» WHAT NEEDS TO BE DONE: Your copy begins at the line with "Hands Wearing DD310" and runs through the end of the data below. Set down only those lines exactly, without pictures.

» DATA SHOWN:
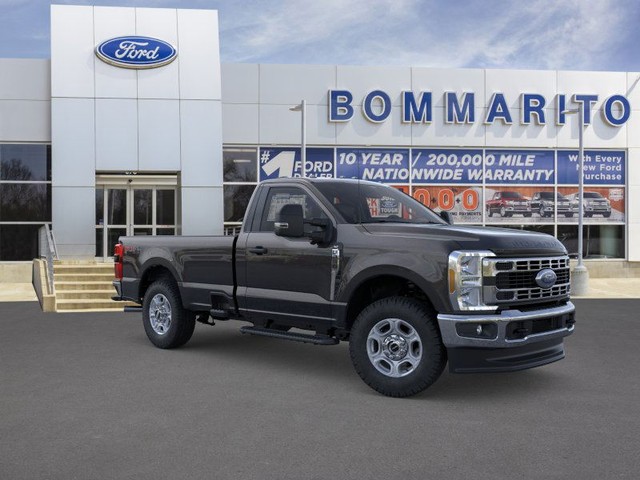 Ford Super Duty F-250 SRW Vehicle Image 07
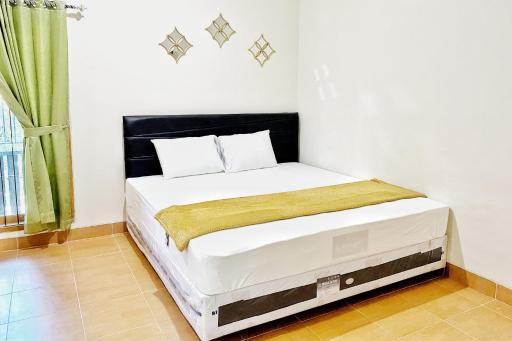 Adipura Guesthouse Syariah Mitra RedDoorz near Terminal Nganjuk - Housity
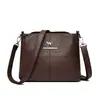 Bolsa de ombro feminina modelo novo 2026 transfronteiriça, bolsa feminina estilo europeu e americano, bolsa para mães de meia-idade de grande capacidade, bolsa pequena de couro macio para usar na transversal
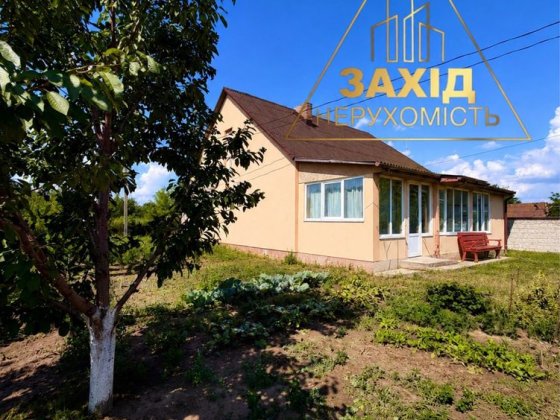Продаж затишного будинку з ГАЗОМ у Княгининку з ділянкою 12 сотих Луцк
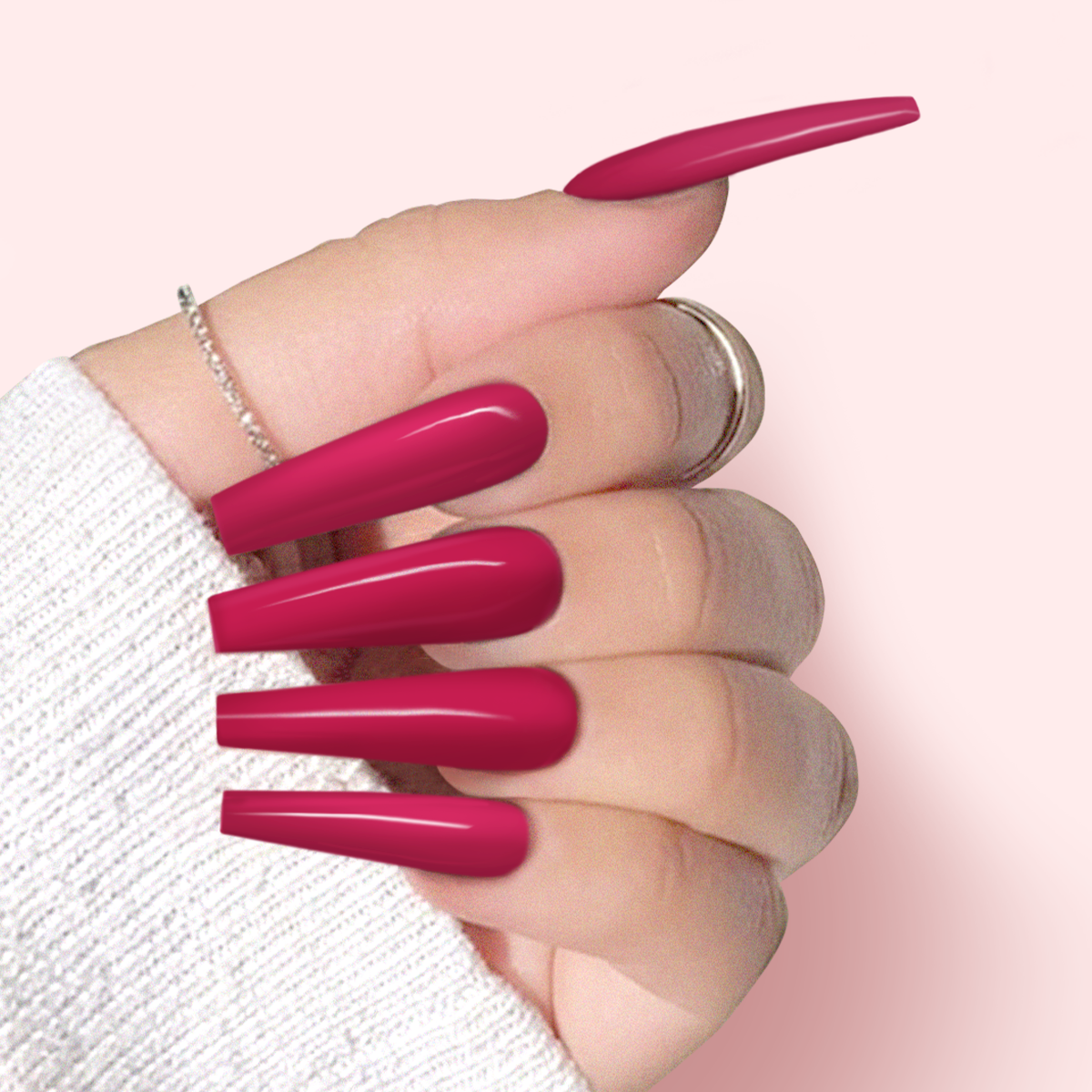 Hands Wearing DD310 Summer Escape By IGel Beauty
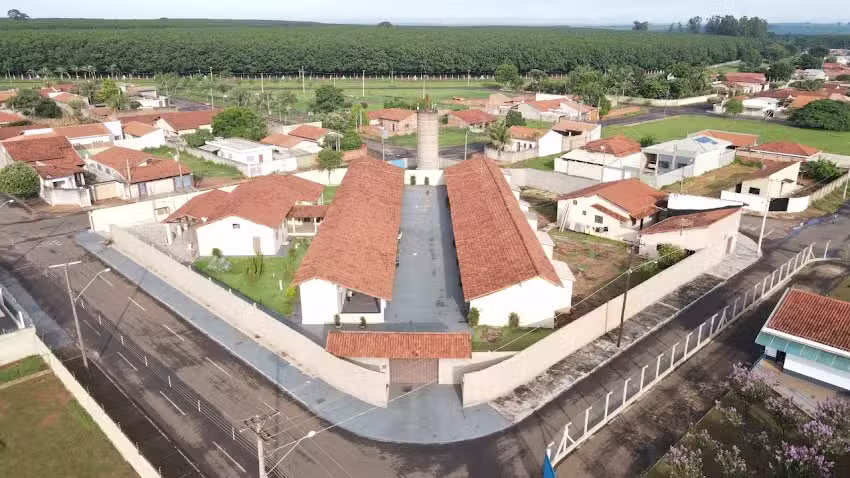 HOTEL COLINA
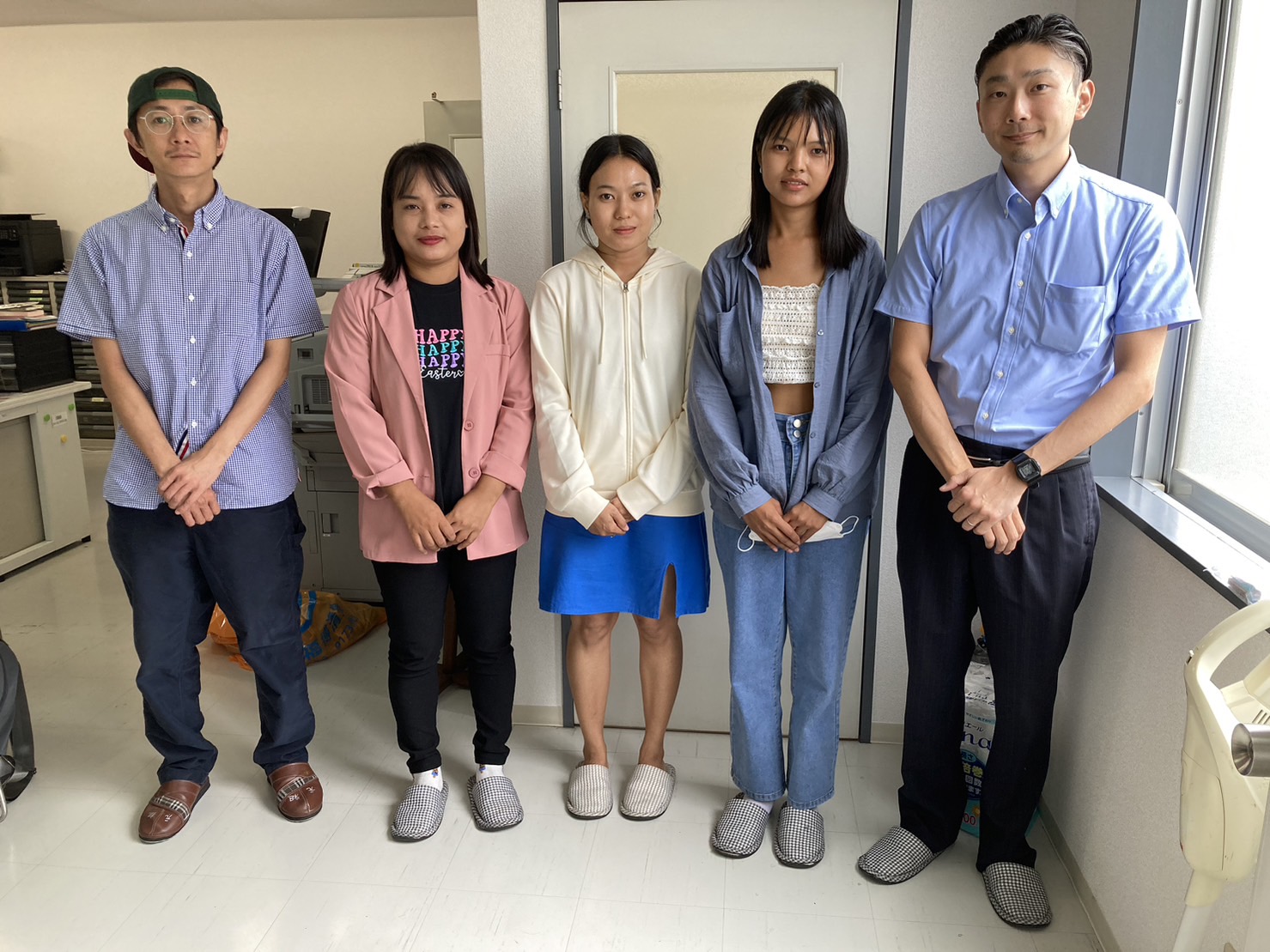 福岡県の外食業様に配属いたしました。(ミャンマー人女性3名)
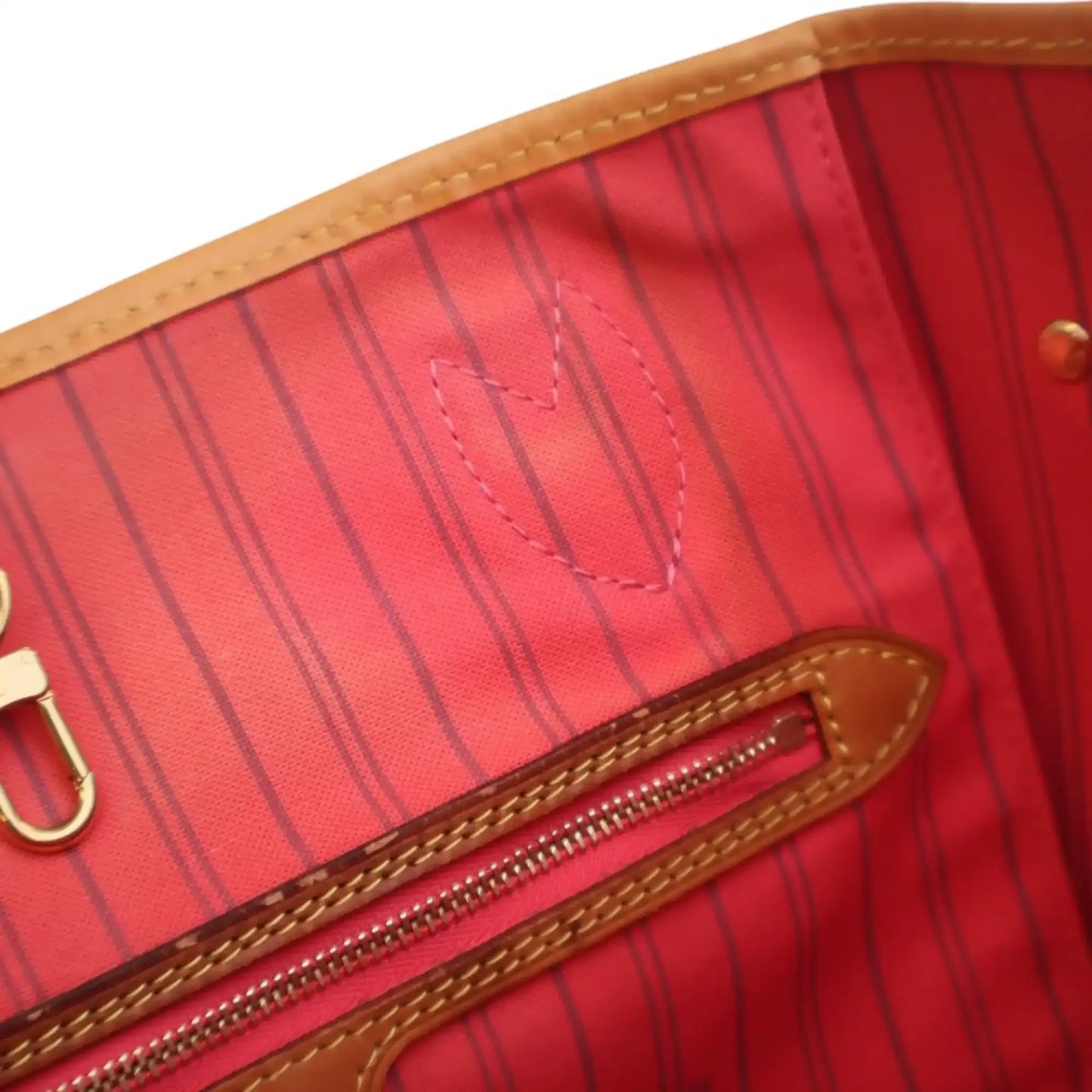 Louis Vuitton Monogram V Neverfull MM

» TASK RESULT:
 Hands Wearing DD310 Summer Escape By IGel Beauty
 HOTEL COLINA
 福岡県の外食業様に配属いたしました。(ミャンマー人女性3名)
 Louis Vuitton Monogram V Neverfull MM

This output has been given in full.